Citigroup Global Markets Holdings and Series N Medium-Term Notes Structure

Citigroup Global Markets Holdings Inc., a wholly owned subsidiary of Citigroup Inc., one of the largest U.S. financial services firms, acts as the issuer for various structured debt products distributed through Citigroup Global Markets Inc. (CGMI), which serves as underwriter. The securities detailed in this preliminary pricing supplement are categorized as Medium-Term Senior Notes, Series N, under Pricing Supplement No. 2026-USNCH33132, filed pursuant to Rule 424(b)(2) under registration numbers 333-293732 and 333-293732-02.

The filing confirms that all payments on these securities are fully and unconditionally guaranteed by Citigroup Inc., offering additional credit support beyond the issuer. Nonetheless, investors remain subject to the credit risk of both Citigroup Global Markets Holdings Inc. and Citigroup Inc.; a default by either could result in non-payment. Understanding the issuer’s role within the Citigroup group is essential to grasping the nature of this offering.

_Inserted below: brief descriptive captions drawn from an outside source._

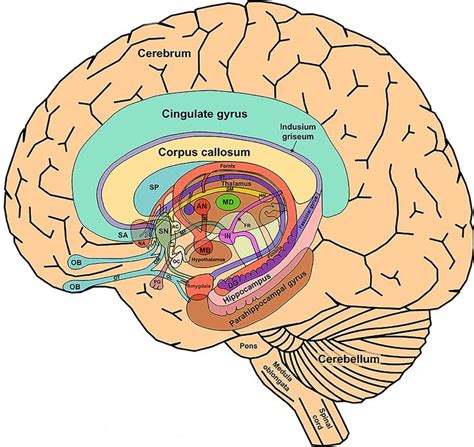 The_Limbic_System_and_Nearby_Structures_small | Limbic system, Brain anatomy, Neuroscience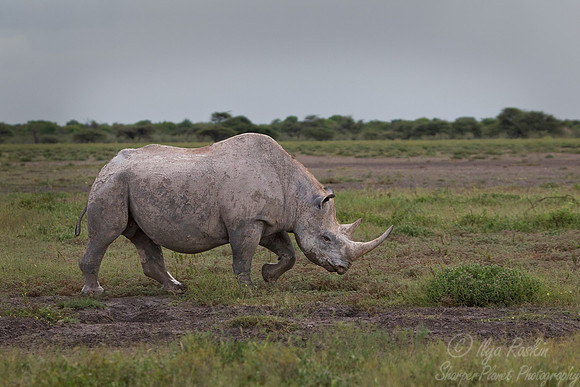 052 Black Rhinoceros (Diceros bicornis) - Etosha Namibia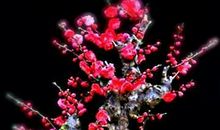 表达友情有趣的句子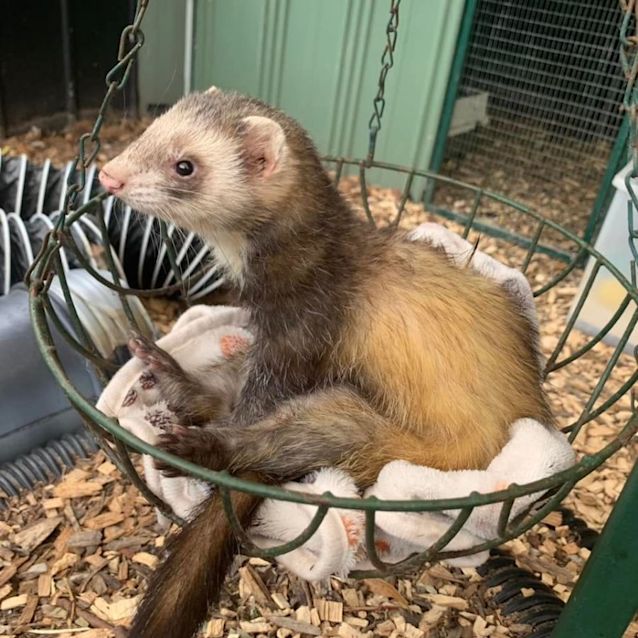 Photo of Nico & Lexi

Three-Index Worst-Performer Mechanism and Coupon Payment Conditions

The notes are linked to the worst-performing index among the Dow Jones Industrial Average, Nasdaq-100 Index, and Russell 2000 Index. The "worst performing underlying" is defined as the index with the lowest return on each valuation date. This structure means that poor performance in any one index, regardless of others’ performance, determines coupon payments and principal repayment outcomes.

The contingent coupon, equal to 1.0417% of the principal per period (about 12.50% annually), is payable only if the worst-performing index’s closing value on the preceding valuation date is at or above its coupon barrier, set at 70.00% of its initial value. If the worst-performing index closes below this barrier, no coupon is paid for that period.

Valuation Dates and Maturity Terms

The filing details 23 valuation dates from August 20, 2026, to June 20, 2028, with the final valuation date determining maturity payoffs. Coupon payments occur on the third business day after each valuation date, with the final coupon paid on the maturity date, June 23, 2028.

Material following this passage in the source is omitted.